The problem is that the superpositions of qubits are very fragile. Tiny amounts of heat or magnetic interference can cause them, in effect, to collapse. Building a quantum computer is therefore far from easy. What begins with a relatively simple network of notional qubits quickly turns into a complex machine utilizing liquid-helium cooling down to a fraction of a degree above absolute zero, surrounded by heavy-duty magnetic shielding.
What’s more, while commercial computers that exploit these quantumlevel effects are available, they’re not only limited physically by the need for intense cooling and shielding, but also limited in computational scope. The space inside a D-Wave 2X, one of the most commercially successful quantum computers available, is mostly given over to a liquid-helium refrigeration system capable of cooling its qubits down to just a fraction of a degree above absolute zero, while much of the remaining machine is made up of magnetic shielding that protects the qubits from fluctuations in Earth’s magnetic field.

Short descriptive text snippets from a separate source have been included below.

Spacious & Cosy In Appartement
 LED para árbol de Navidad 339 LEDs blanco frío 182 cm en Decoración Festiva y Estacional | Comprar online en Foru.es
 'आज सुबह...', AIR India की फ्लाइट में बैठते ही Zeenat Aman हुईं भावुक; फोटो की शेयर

Despite all that technology and innovation, the D-Wave 2X’s computational prowess is restricted to finding the lowest value of complicated functions. Granted, such calculations can be very useful in engineering, which is why Google, NASA, and Lockheed Martin are all reportedly D-Wave clients, but such a machine hardly makes for a promising candidate technology for future pocket computers. Indeed, for a while, there was some controversy whether D-Wave’s computers really were quantum. That has now been firmly established in the affirmative, but debate remains whether D-Wave’s technology is actually any faster than a conventional computer, even for the narrow computation of which it is capable. Some even view the whole field of quantum computing as an irrelevance, equivalent to the alchemist’s quest to turn base metal into gold. Like quantum computing, that is indeed possible with today’s technology. But not to a degree that it’s actually useful.
So, in the short to medium term, quantum computing isn’t going to step in where Moore’s Law left off. Instead, what progress there is will come from a complex array of technologies, including not only quantum computing, but also biological analogs, a shift to cloud computing, more efficient circuit design, and dedicated chips built to do one thing really well (see boxouts). In the meantime, if there’s a take-home lesson, it’s that Moore’s Law has run its course, and the next 50 years of computing will be very different from the last 50. Whether they’ll be better or worse, only time will tell.